Task to complete
Reproduce precisely the lines of the listing below, starting with the line that contains "RCD GFCI อุปกรณ์ทดสอบสายผิดพลาด" and stopping after the line that contains "2026 ThinkScan 662"; include nothing else.

Data
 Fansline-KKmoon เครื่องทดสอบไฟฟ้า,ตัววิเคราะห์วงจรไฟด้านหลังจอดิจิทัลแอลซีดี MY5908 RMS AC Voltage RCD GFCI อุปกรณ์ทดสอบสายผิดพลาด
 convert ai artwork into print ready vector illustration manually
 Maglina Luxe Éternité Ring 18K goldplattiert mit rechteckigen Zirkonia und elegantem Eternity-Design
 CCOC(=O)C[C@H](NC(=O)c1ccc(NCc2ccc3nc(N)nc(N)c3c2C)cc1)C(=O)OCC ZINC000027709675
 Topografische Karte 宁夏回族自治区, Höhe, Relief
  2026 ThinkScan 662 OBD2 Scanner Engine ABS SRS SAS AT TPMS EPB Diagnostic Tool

---

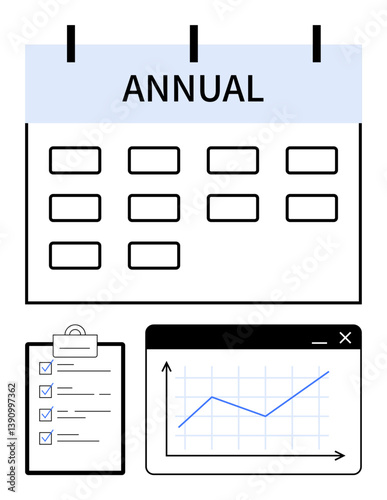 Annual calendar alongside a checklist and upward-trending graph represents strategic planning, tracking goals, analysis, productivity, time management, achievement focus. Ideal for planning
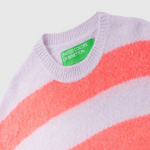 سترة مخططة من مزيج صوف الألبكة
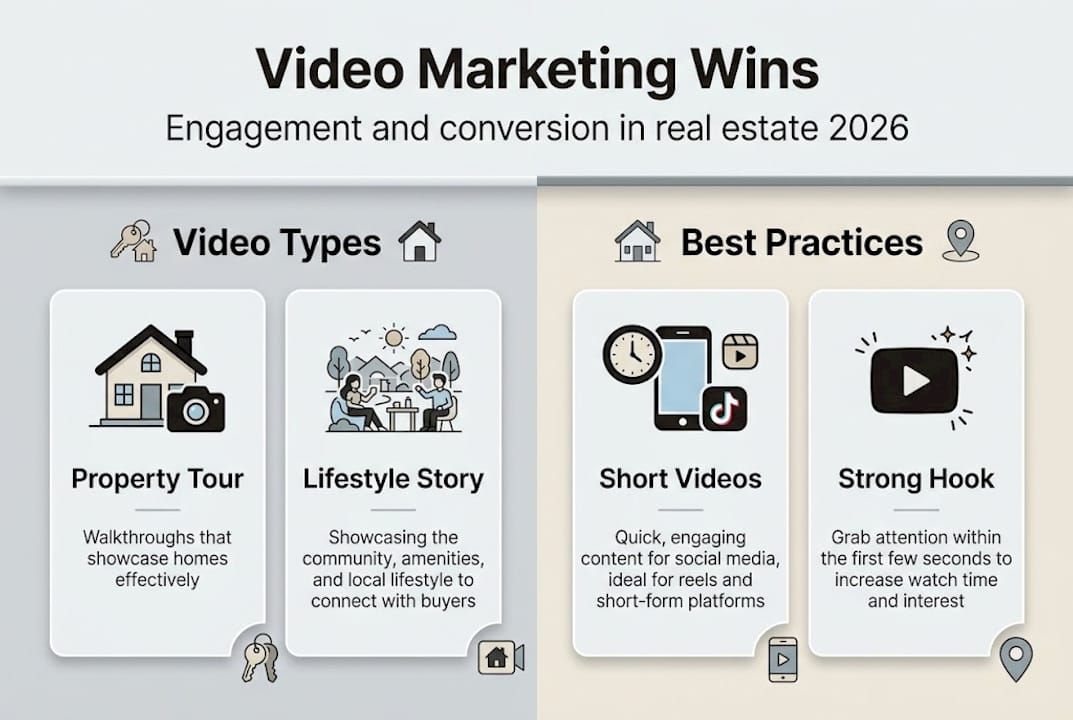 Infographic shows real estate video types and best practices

Completed exercise
 Fansline-KKmoon เครื่องทดสอบไฟฟ้า,ตัววิเคราะห์วงจรไฟด้านหลังจอดิจิทัลแอลซีดี MY5908 RMS AC Voltage RCD GFCI อุปกรณ์ทดสอบสายผิดพลาด
 convert ai artwork into print ready vector illustration manually
 Maglina Luxe Éternité Ring 18K goldplattiert mit rechteckigen Zirkonia und elegantem Eternity-Design
 CCOC(=O)C[C@H](NC(=O)c1ccc(NCc2ccc3nc(N)nc(N)c3c2C)cc1)C(=O)OCC ZINC000027709675
 Topografische Karte 宁夏回族自治区, Höhe, Relief
  2026 ThinkScan 662 OBD2 Scanner Engine ABS SRS SAS AT TPMS EPB Diagnostic Tool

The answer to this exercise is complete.